Costs and Emissions for My Electric Home

Back in late 2013, my natural gas furnace and air conditioner broke down beyond repair and needed to be replaced.  A decision had to be made: replace them with a traditional natural gas furnace and air conditioner or replace them with an air source heat pump with electric heat strip back up.  Since I live North of Chicago in a 2600 sq. ft home, I was advised against going all electric. I was told that I would freeze or that my costs would go up substantially.  Also, I was told that electric heating was worse for the environment.  The research I had done showed otherwise on these points, so, I opted for going all electric and getting off the natural gas grid.  (See previous article for new system details). At the same time, I traded in my Toyota Corolla for a Chevy Volt.
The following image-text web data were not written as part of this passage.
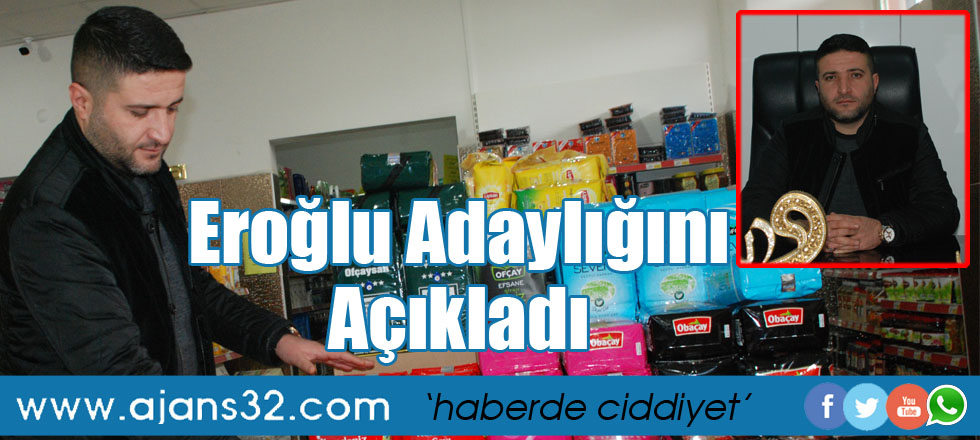 Eroğlu Adaylığını Açıkladı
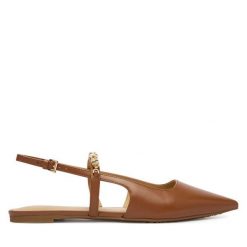 Baleriny MICHAEL Michael Kors. Brązowe balerinki damskie MICHAEL Michael Kors, bez wzorów, bez obcasa, bez zapięcia. Za 709.99 zł.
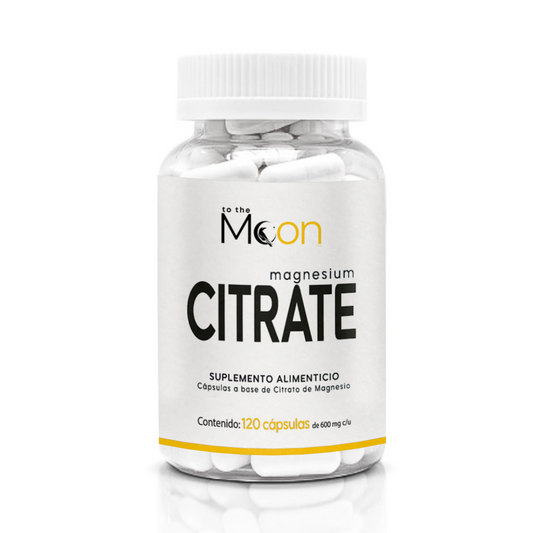 Citrato de Magnesio 120 Cápsulas 600mg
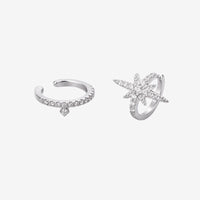 Lot 2 Ear Cuff Étoile Et Anneau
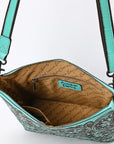 American Darling Large Crossbody Beautifully Hand Tooled Genuine Leather women bag western handbag purse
There was a learning curve in using the new equipment.  The Volt, for example, will turn on the gasoline engine at one of two temperatures to assist with heating the interior of the car.  The higher setting, at 35 degrees, uses more gas than the lower setting, at 15 degrees.  The default is 35.  It was several months into the first winter before I realized that the setting existed – the controls on the Volt are a lot more complicated than on the Corolla.  Setting the heating assist temperature to 15 cut my gasoline use substantially.
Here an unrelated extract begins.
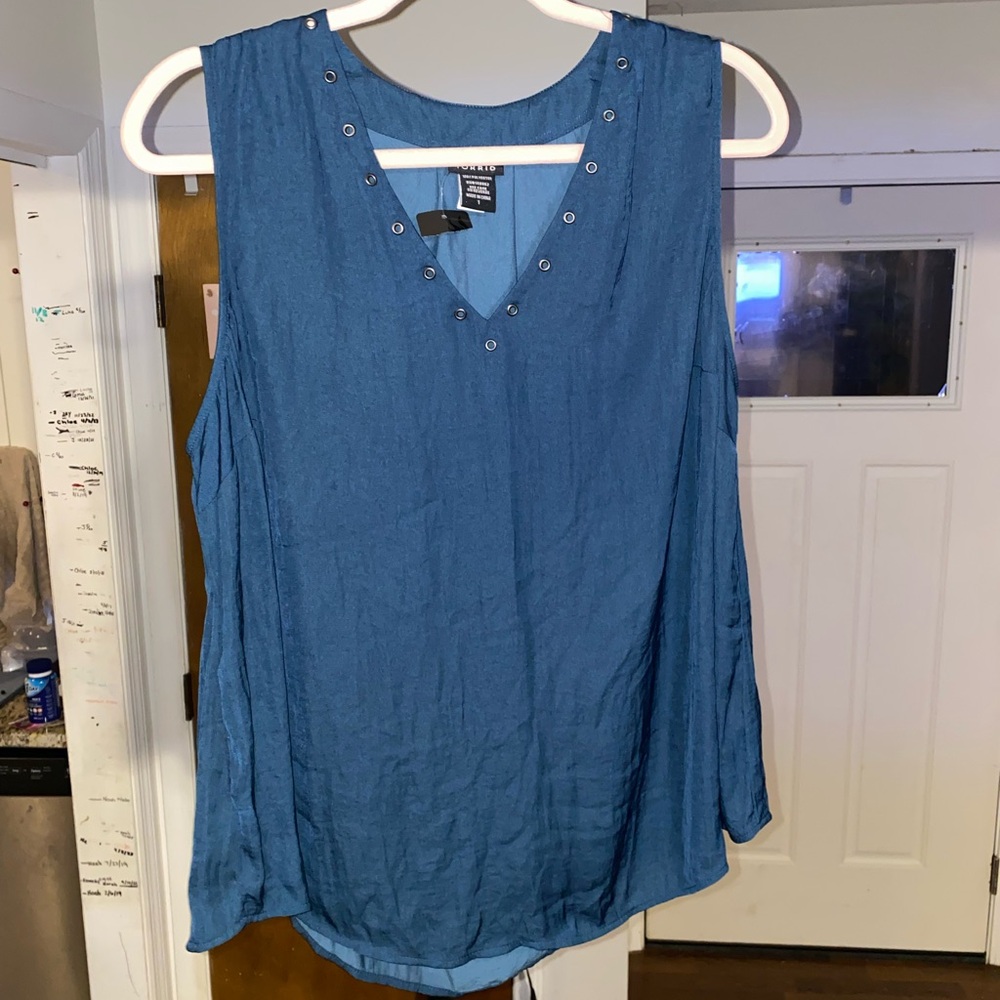 Torrid Blue Sleeveless Top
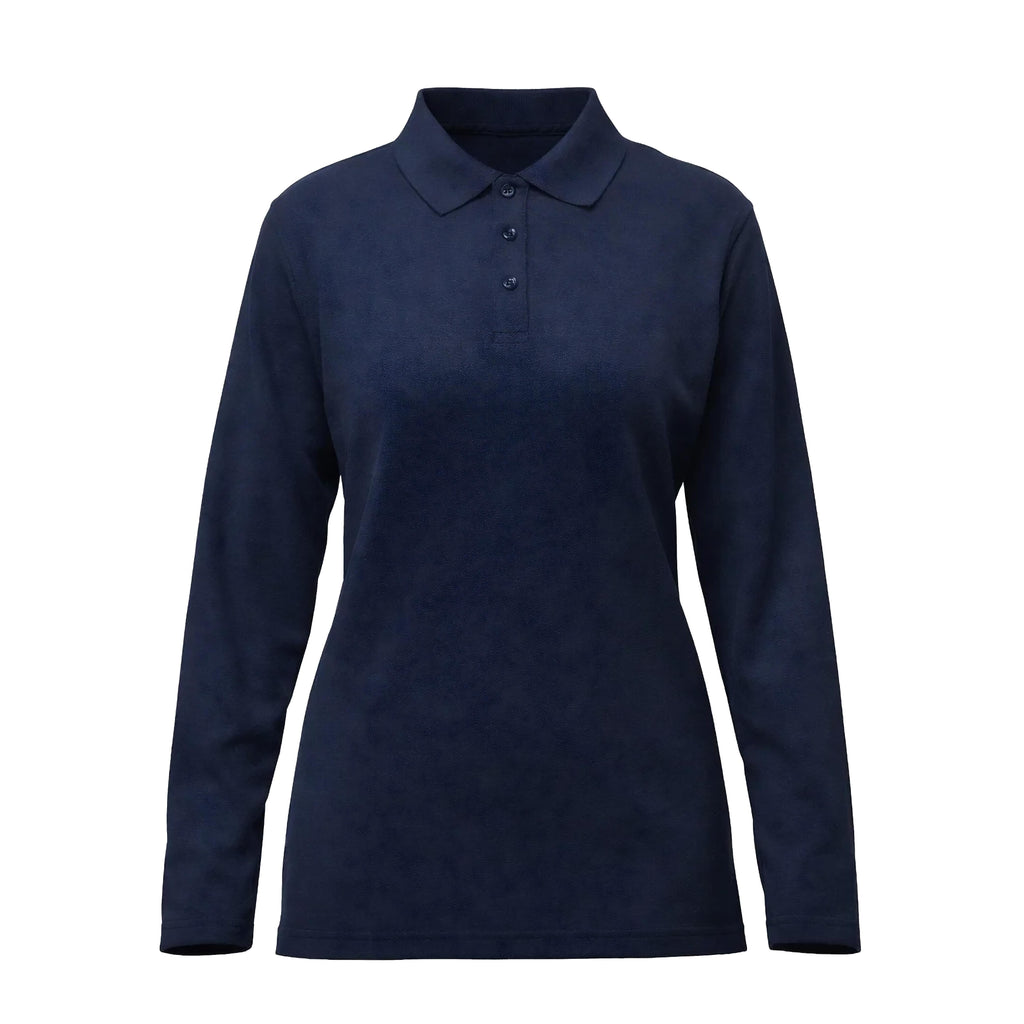 Polera Pique Manga Larga Proflex PF 913N Azul Marino Mujer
With regard to the heat pump, there are also many controls which effect the amount of energy used.  As with the Chevy Volt, it took some time to understand the optimal settings for the unit.  Additionally, I was not aware that, as an all electric customer, I was eligible for a electric space heating delivery charge discount of $.0125/kwh from my electric company.  It was not until recently that I could get an accurate comparison of annual costs and emissions of the old system vs. the new system.

Below is a table showing the costs and emissions associated with three different approaches. Scenario one assumes all traditional gas appliances and a Toyota Corolla driven about 10,000 miles.  Scenario two is the same house but with a Chevy Volt, also driven about 10,000 miles.  The last column shows my actual results for an all electric house (there is NO gas connection!) and a Chevy Volt driven about 10,000 miles.  In all three cases the house is assumed to be kept at 72 degrees year round with no additional heating sources and two occupants, including a teenager with friends over regularly.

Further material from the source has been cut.